The copy should hold exactly the lines below from the one that contains "Then click the" through the one that contains "I likes Italy" and nothing else, so no pictures.

## Data supplied
- - - - - - -
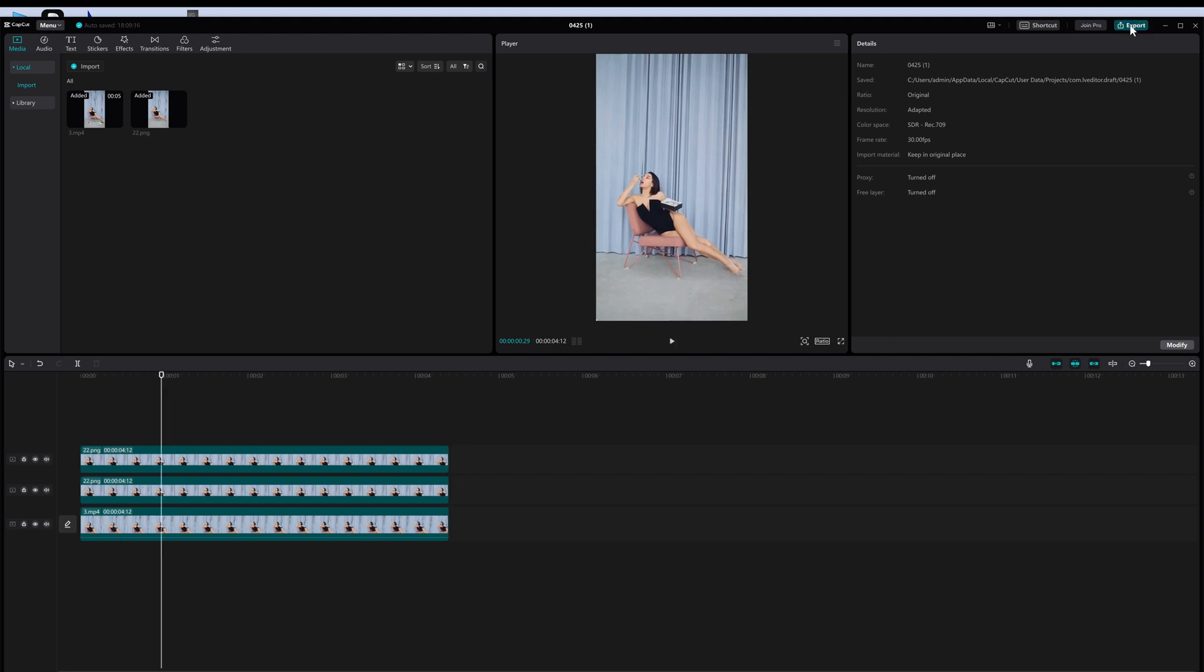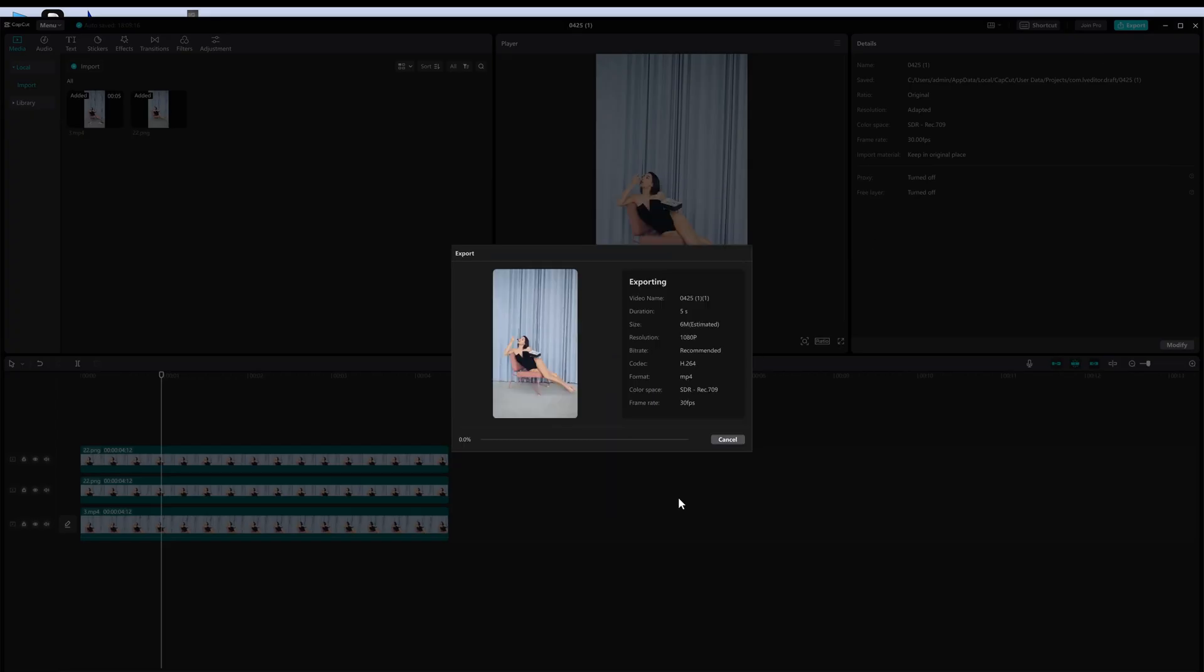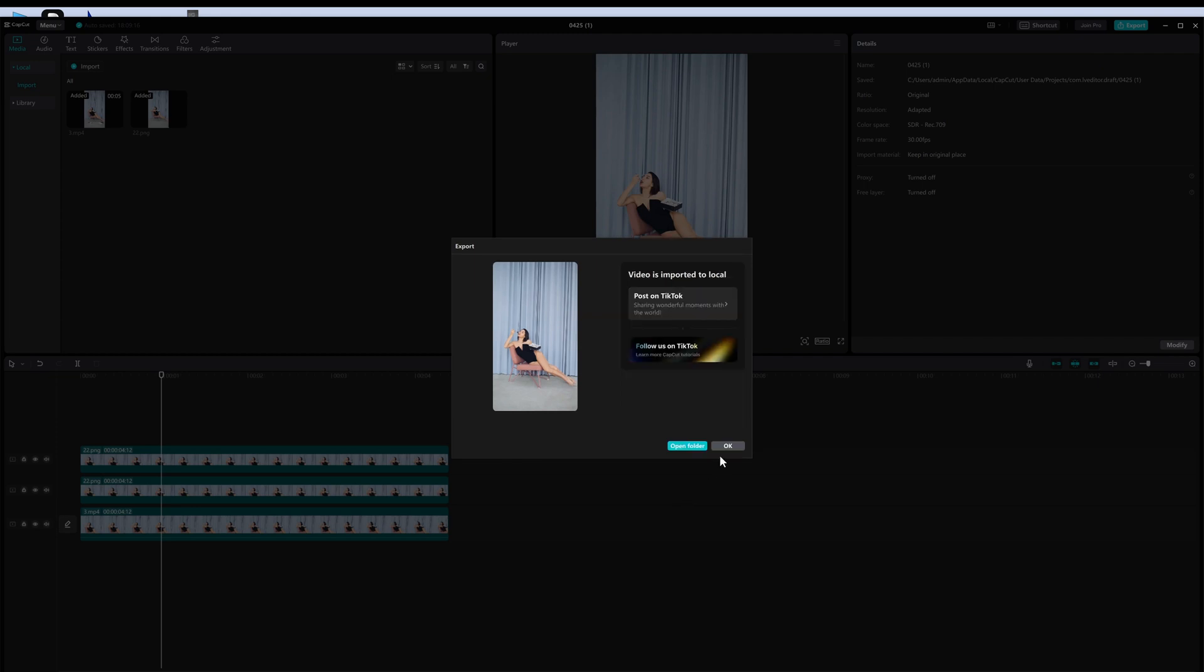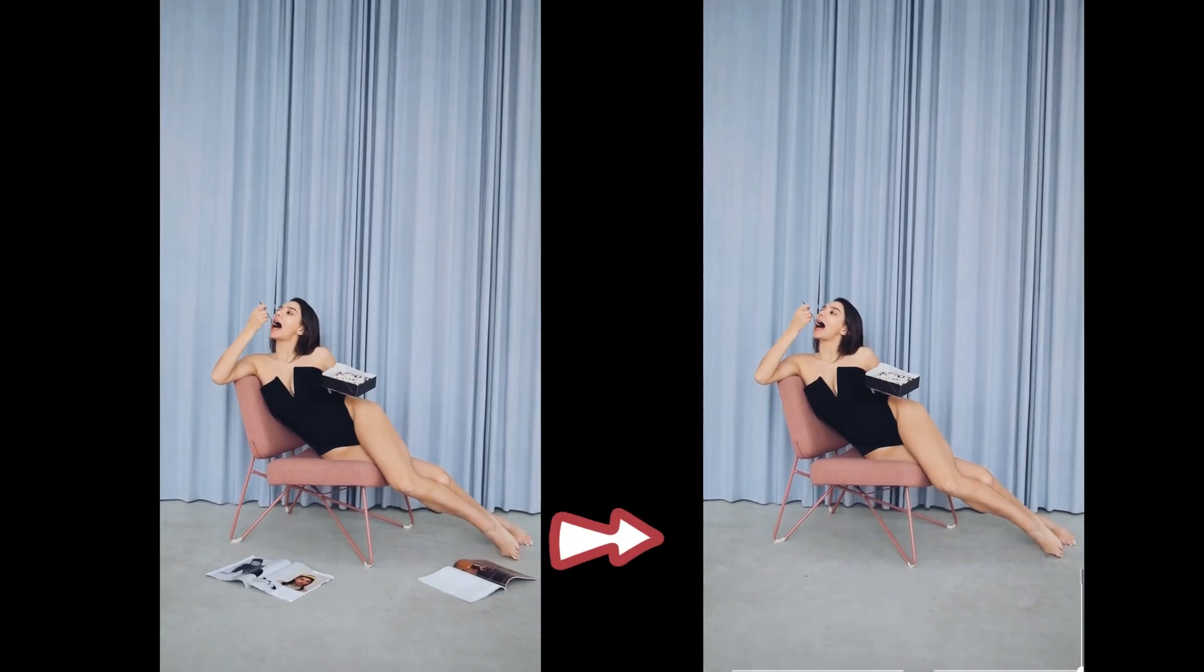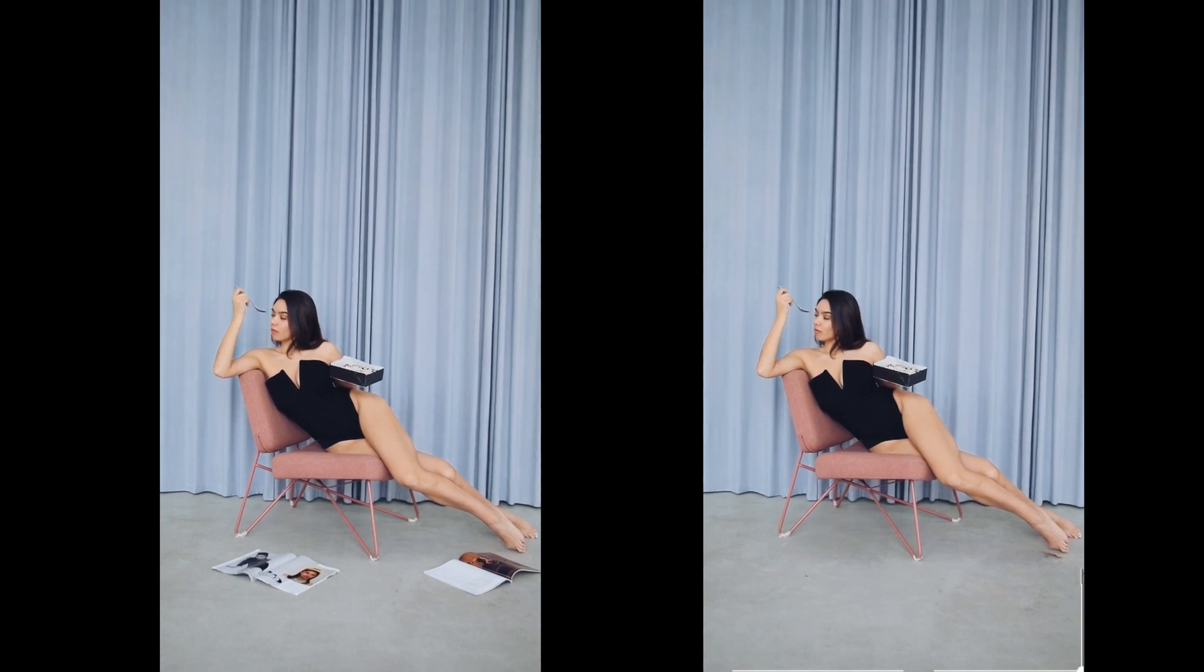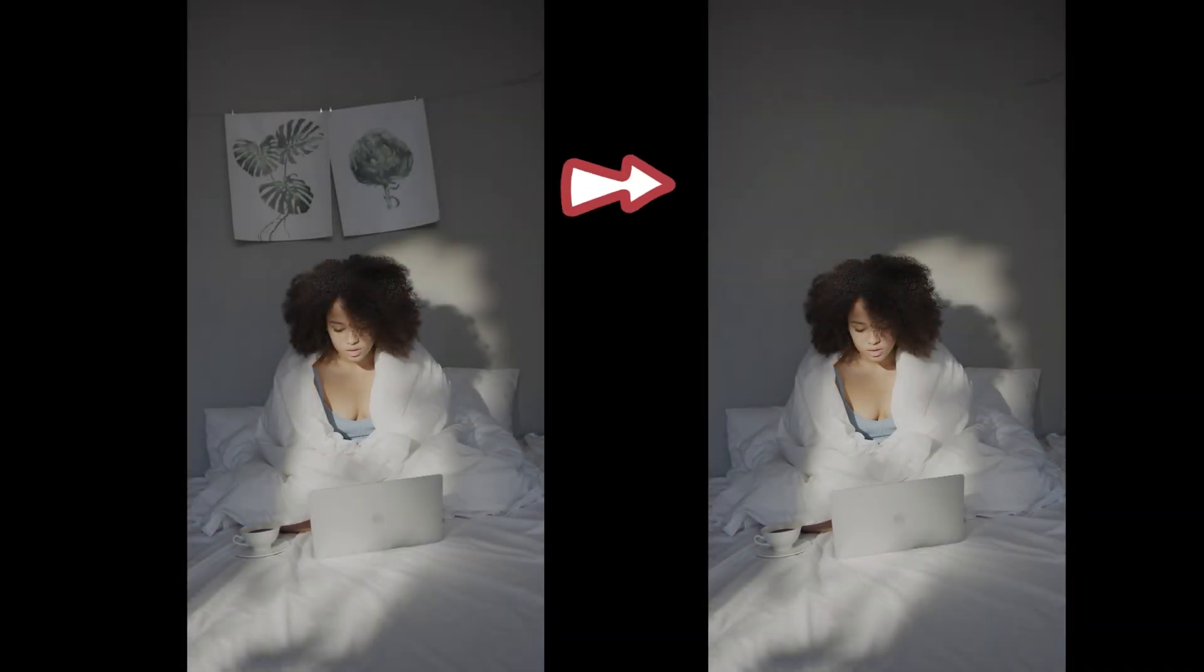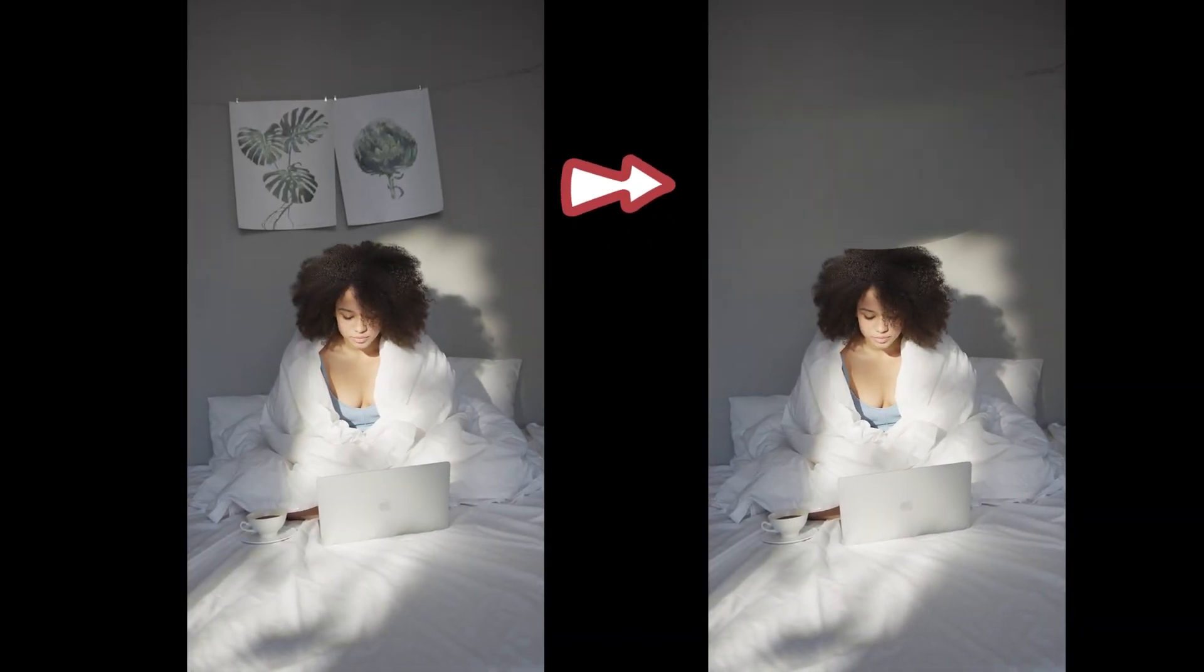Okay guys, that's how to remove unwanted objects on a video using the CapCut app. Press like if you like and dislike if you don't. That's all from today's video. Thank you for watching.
- - - - - - -
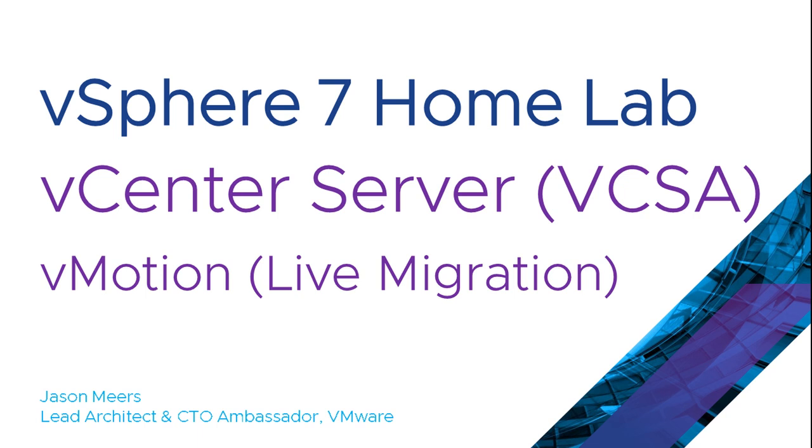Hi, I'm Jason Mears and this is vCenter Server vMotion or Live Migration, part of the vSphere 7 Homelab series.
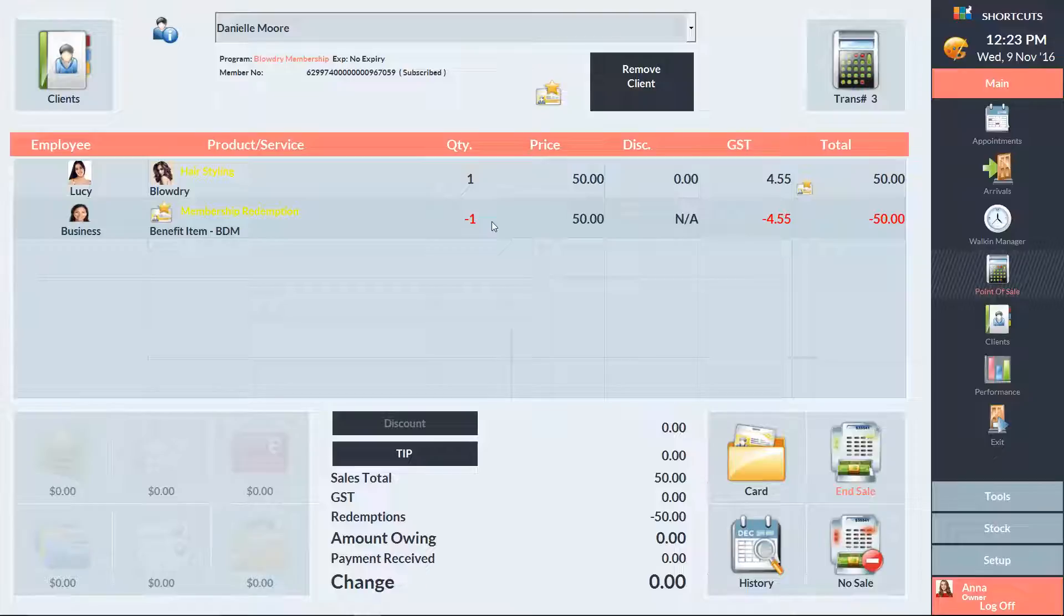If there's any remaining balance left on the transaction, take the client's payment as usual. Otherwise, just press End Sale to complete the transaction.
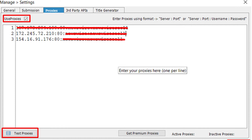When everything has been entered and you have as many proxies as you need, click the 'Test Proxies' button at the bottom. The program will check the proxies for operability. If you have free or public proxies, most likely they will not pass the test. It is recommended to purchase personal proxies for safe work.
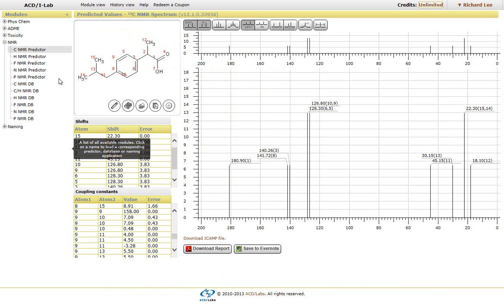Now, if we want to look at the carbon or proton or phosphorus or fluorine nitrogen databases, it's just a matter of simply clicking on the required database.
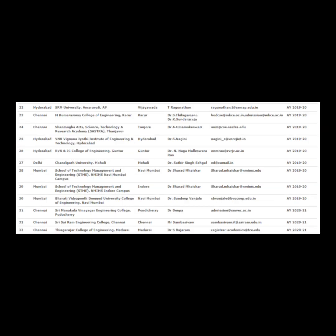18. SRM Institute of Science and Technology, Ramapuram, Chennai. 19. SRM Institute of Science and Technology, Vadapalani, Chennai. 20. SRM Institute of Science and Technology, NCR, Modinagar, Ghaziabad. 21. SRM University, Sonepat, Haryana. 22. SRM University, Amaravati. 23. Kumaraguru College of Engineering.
- - - - - - -
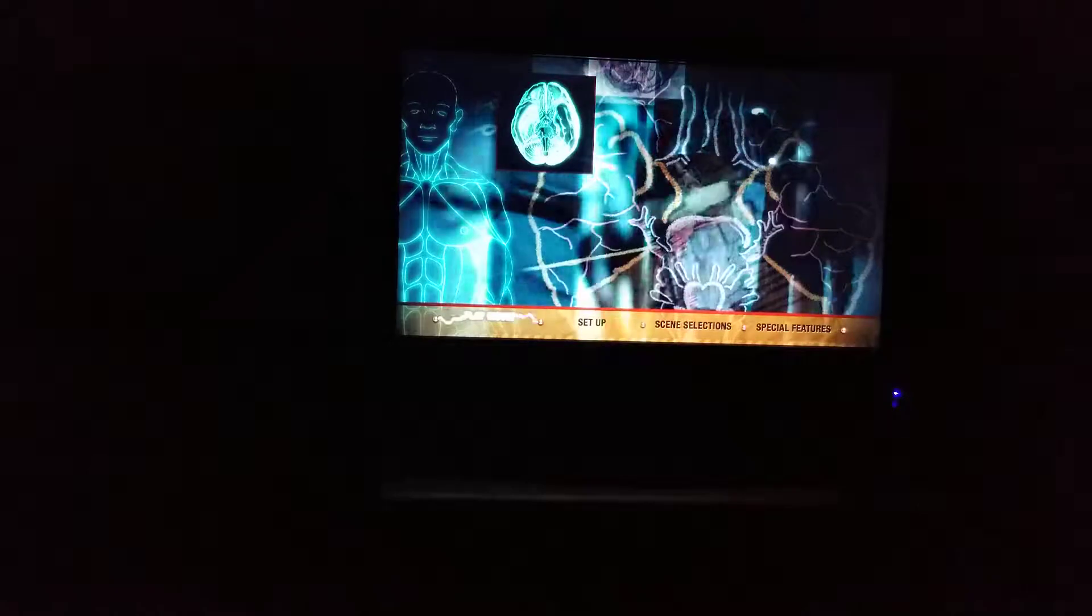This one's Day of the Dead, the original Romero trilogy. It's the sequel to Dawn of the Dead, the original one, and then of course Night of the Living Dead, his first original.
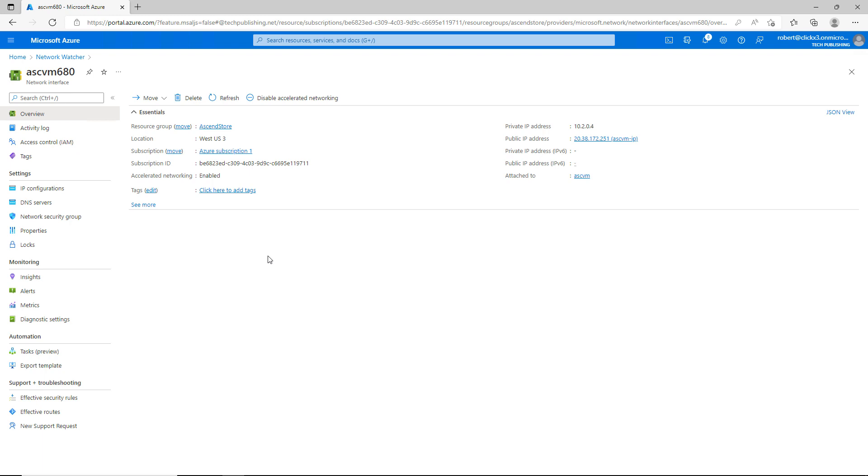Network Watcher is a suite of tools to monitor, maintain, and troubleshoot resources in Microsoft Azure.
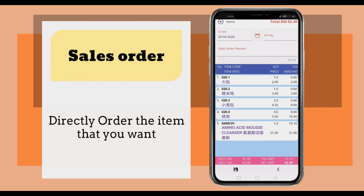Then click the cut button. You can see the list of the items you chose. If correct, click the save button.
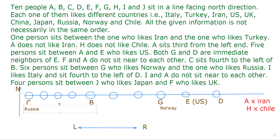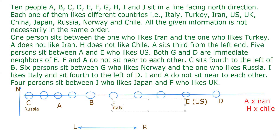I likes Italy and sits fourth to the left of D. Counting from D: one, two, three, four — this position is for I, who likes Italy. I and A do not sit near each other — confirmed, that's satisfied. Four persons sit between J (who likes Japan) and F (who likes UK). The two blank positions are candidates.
- - - - - - -
## Written response
Then click the cut button. You can see the list of the items you chose. If correct, click the save button.
I likes Italy and sits fourth to the left of D. Counting from D: one, two, three, four — this position is for I, who likes Italy. I and A do not sit near each other — confirmed, that's satisfied. Four persons sit between J (who likes Japan) and F (who likes UK). The two blank positions are candidates.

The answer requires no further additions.